Free from "this"; free to "this" - Part 2
In part 1 of this line of thinking I tried to explore the concept of being free and connected at the same time. It seems that we choose freedom and, along with that, there is a corresponding slavery or service. I am, as a human, never free in the ultimate sense. God is the only one who is truly free and the freedom he experiences is one that, from and into eternity, does not have a corresponding service. Yet, the freedom that God experiences is perfectly expressed through connection. Connection in the three persons of the Trinity itself. What a beautiful picture of the Trinity it was as the the dancers, though connected, saw a freedom much like the one God sees! I may be reading too much into this but, in the Amazing Stories episode, the two dancers moved in front of the stained-glass picture of Christ, his eyes fixed on the Father as he prayed for strength to face the cross chosen for him. What a startling picture of the three persons of the Trinity moving in a concert of freedom to secure my salvation The Trinity was most aptly displayed!
Another lot that I have inherited as a son of the earth and man is that of degrees. There are better and worse experiences that I have, more and less beautiful things that I encounter, better and worse coffee that I drink - it seems and endless parade of bad and worse, good and better. I see the same degrees in the freedom that I choose. Again, with God, there are no degrees. All of him, every fiber of who he is, shows a perfect perfection that I will never know even on the other side of heaven. The freedom he experiences is perfect freedom and the connections he has are equally as flawless. But me, I need to choose the better freedom and, at the same time, the better service.

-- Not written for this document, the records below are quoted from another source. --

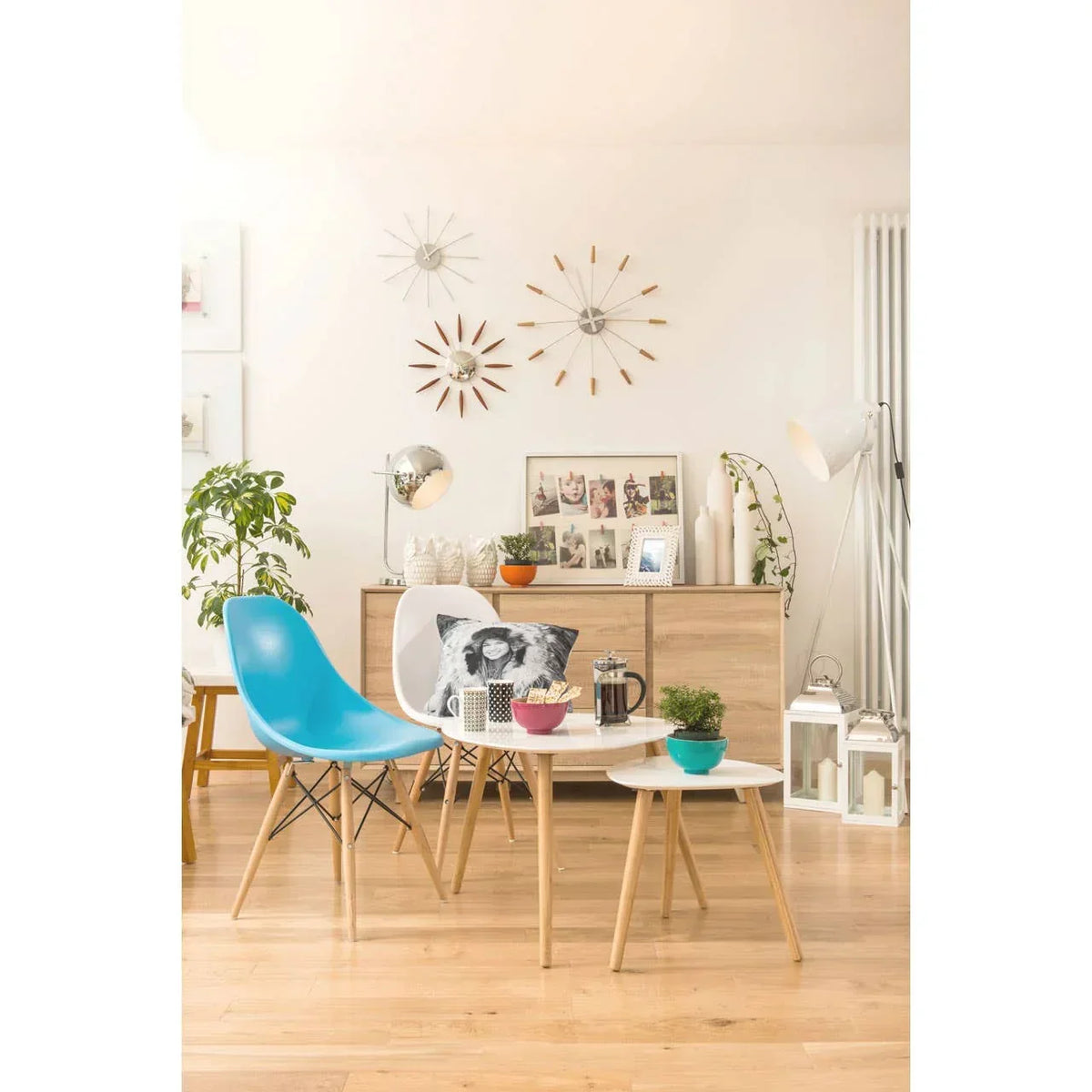 Modern living room with blue accent chair, wooden coffee tables, and sideboard decor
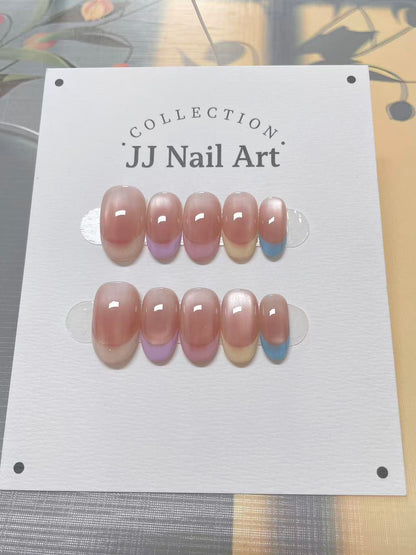 JJ Nail Art nail extensions on a display card with a floral background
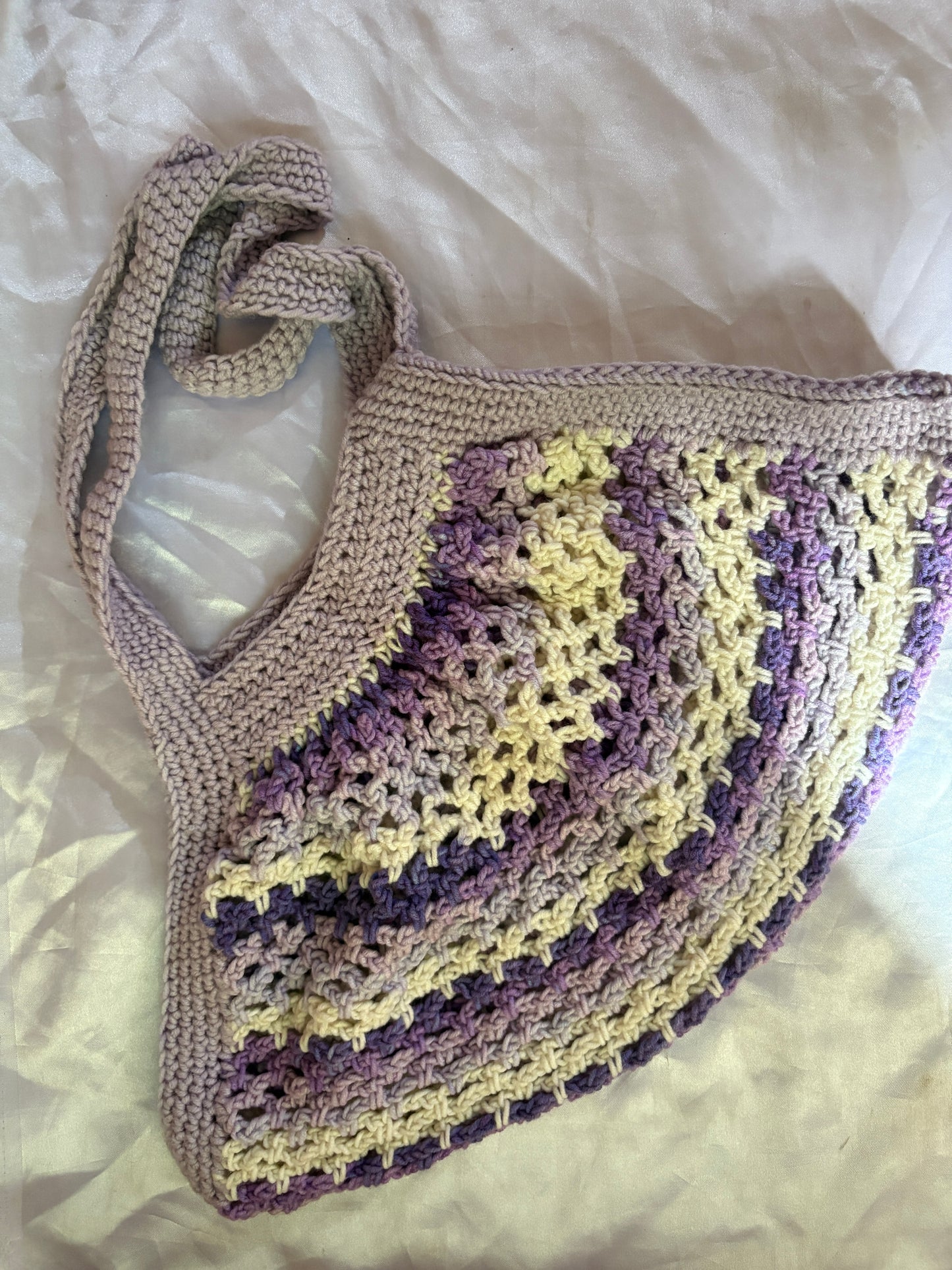 Crocheted bag with purple and white pattern on a white background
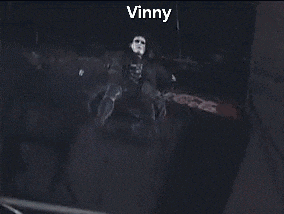 a person standing on a stage with the name vinny written on the bottom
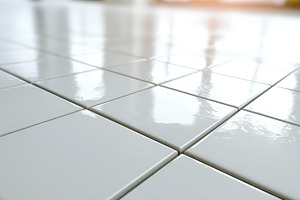 Shiny white tiled floor close-up, a Background Photo by AlyaAnd
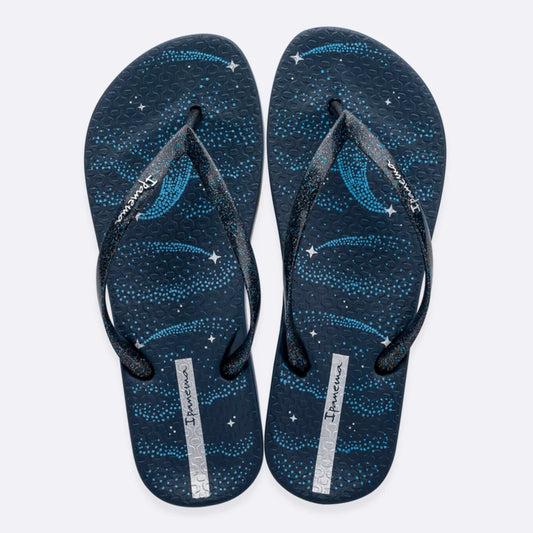 Top view of a pair of women's Ipanema Anatomic Magic Fem flip flops in navy blue / silver, featuring a shooting star print footbed, glittery strap and textured footbed.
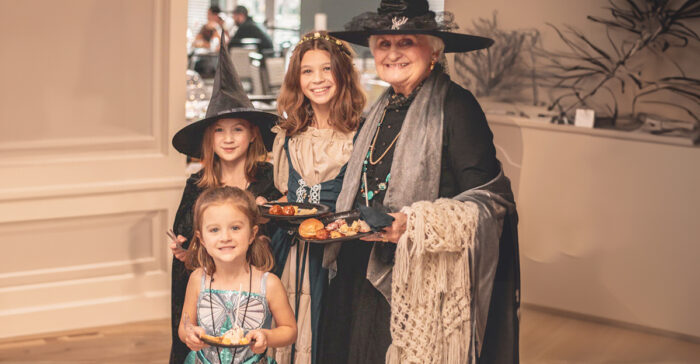 StoryPoint Resident and grandchildren in matching halloween costumes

The dancers, though connected, did just that. Now one of them could have broken away from the other and gone off to do their own dance severing the connection between them. I would view that as a choice of a lesser freedom. The dancer that broke the connection would have been connected to their own desires and passions and not in tune with those of the partner. They would have seen it fit to leave their partner alone to pursue their own way and leave the other person wondering, perhaps perturbed, about what just happened and what their reaction should be. They would be forced into reacting to what the other was doing, if only for a second. To me, that speaks of selfishness and I know that I am a terrible god indeed. The dancer could be a better one than I but would absolutely be a lesser one than He.
Choosing the freedom with the connection to their partner the dancer would embrace a greater freedom. One that invited and assisted their partner into a deeper passion for the beauty of and commitment to the art of the dance. Their connected freedom would give us a glimpse of God himself as the Father, Son, and Spirit move in splendid unison alongside and even in assistance of each other. Their freedom would illustrate both a commitment to and dependence upon each other to bring us a glimpse of the beauty of the Divine and his gift of our ever-increasing reclamation of our prior dominion over the natural world. The richness of their connected freedom can not be overstated. Nor can their abandon of it.
And their is one aspect to all of this that cannot escape my mind. God would have it no other way.